La primera vez que escribí de Solís Gómez todavía no era reportera, estaba en el área de opinión pública del diario Mural y había coordinado en 2001 una investigación donde encuestamos a los policías estatales y municipales de Guadalajara. Los policías decían que había dos cosas graves: los salarios de menos de 6 mil pesos al mes y las redes de corrupción en sus corporaciones. Les pedimos que evaluaran a sus mandos superiores y los índices de no respuesta fueron altísimos, tenían miedo, y quienes respondieron, no les dieron más de 50 por ciento de aprobación. Solís Gómez, el procurador entonces, fue el peor calificado, con 37 por ciento.

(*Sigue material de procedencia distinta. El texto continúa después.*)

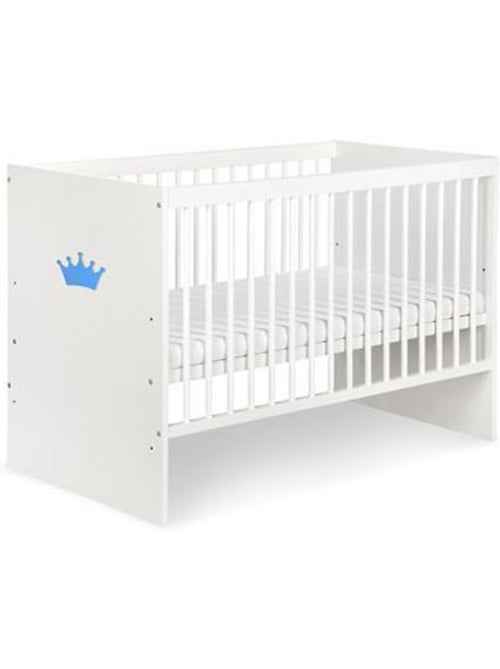 Lit bébé sans matelas - sommier 3 hauteurs, 3 barreaux amovibles - kmbaby - Kiabi Lit bébé sans matelas - sommier 3 hauteurs, 3 barreaux amovibles - kmbaby - Kiabi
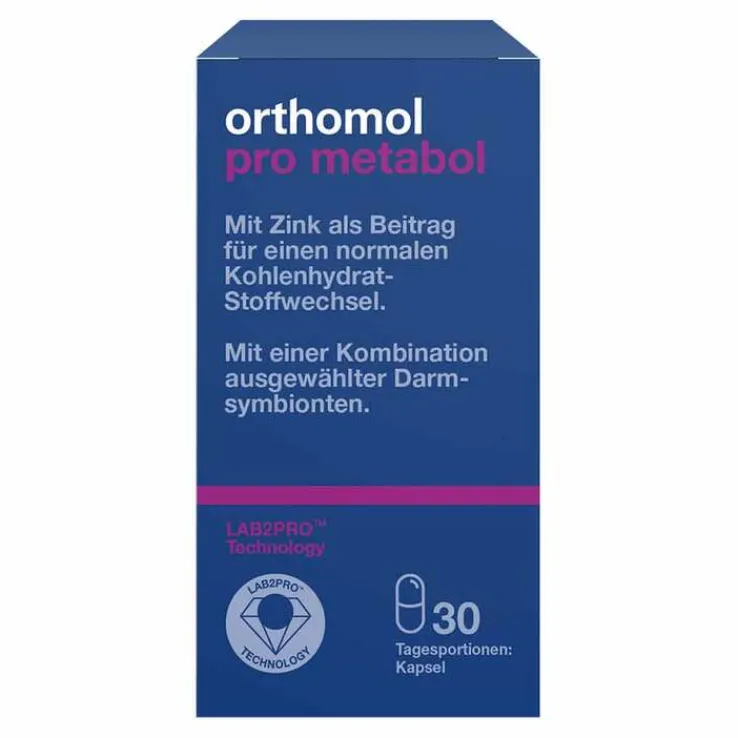 Orthomol pro metabol Kapseln, 30 St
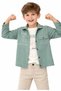 Boy's Best Friend Written Snap Closure Shirt T-Shirt Pants Green Color Three-Piece Set - 5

La segunda, tercera, cuarta, quinta y todas las veces más que escribí acerca de él fueron sobre quejas de tortura. Ya era reportera, cubría derechos humanos y Solís Gómez y su corporación no paraban de acumular casos de mala conducta ante la Comisión Estatal de Derechos Humanos. Me tocaba ir a todo tipo de manifestaciones y mis colegas y yo sabíamos quiénes eran los orejas de su procuraduría, conocíamos las caras de algunos antimotines, policías locales o los del SWAT. Así que cuando ocurrió la protesta multitudinaria durante la tercera cumbre de jefes de Estado en Guadalajara, aquel 28 de mayo de 2004, pudimos identificar rápidamente algo distinto: grupos de choque infiltrados, hombres con cascos y palos recién comprados, y camionetas sin rótulos oficiales haciendo redadas y llevándose a la gente a los sótanos ministeriales.

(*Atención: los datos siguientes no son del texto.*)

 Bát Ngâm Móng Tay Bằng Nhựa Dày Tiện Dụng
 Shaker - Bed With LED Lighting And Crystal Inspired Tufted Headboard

Recuerdo ese día soleado, las consignas, los grupos de braceros, estudiantes, mujeres, campesinos, sindicalistas. Iba al frente junto a Evo Morales, que todavía no era presidente de Bolivia, y con Gérard Karlhausen, un hombre rubio y regordete de la iniciativa de Copenhague, cuando se vino una estampida. Empezaron a crujir los cristales y corrimos como si un toro nos persiguiera. Morales y Karlhausen pensaron que sería una protesta común y les dio tiempo de cruzarse a un Seven Eleven para comprar refrescos.
Yo fui a buscar a mis colegas. Un fotógrafo ya estaba herido. Los antimotines que habían recibido lanzamientos de piedras y botellas de un grupúsculo rompieron filas y usaron balas de goma, gases lacrimógenos, chorros de agua y escudos para reprimir. Hubo gritos, sangre. Tumbaron a las mujeres indígenas con sus canastas de papas. Golpearon y arrastraron a un chico llamado Daniel que no pudo gritar porque estaba operado de la garganta. Detuvieron a un muchacho llamado Fredy que trabaja en la pastoral juvenil. Fueron detenidas 118 personas y 45, llevadas a Puente Grande.
A las chicas las obligaron a desnudarse y las tuvieron más de 48 horas sin cargos. Las otras torturas fueron vendaje en los ojos, toques eléctricos en los genitales, pies, pecho y ano; patadas, puñetazos, golpes con palos, armas, bastones; privación de alimentos y agua; simulacro de ejecución y amenazas de muerte. Sabemos ahora que la corporación de Solís Gómez ha sumado desaparición forzada en las protestas recientes.
En dos décadas nadie ha logrado que rinda cuentas el señor fiscal. ¿Alguien lo hará? Porque no basta con renunciar.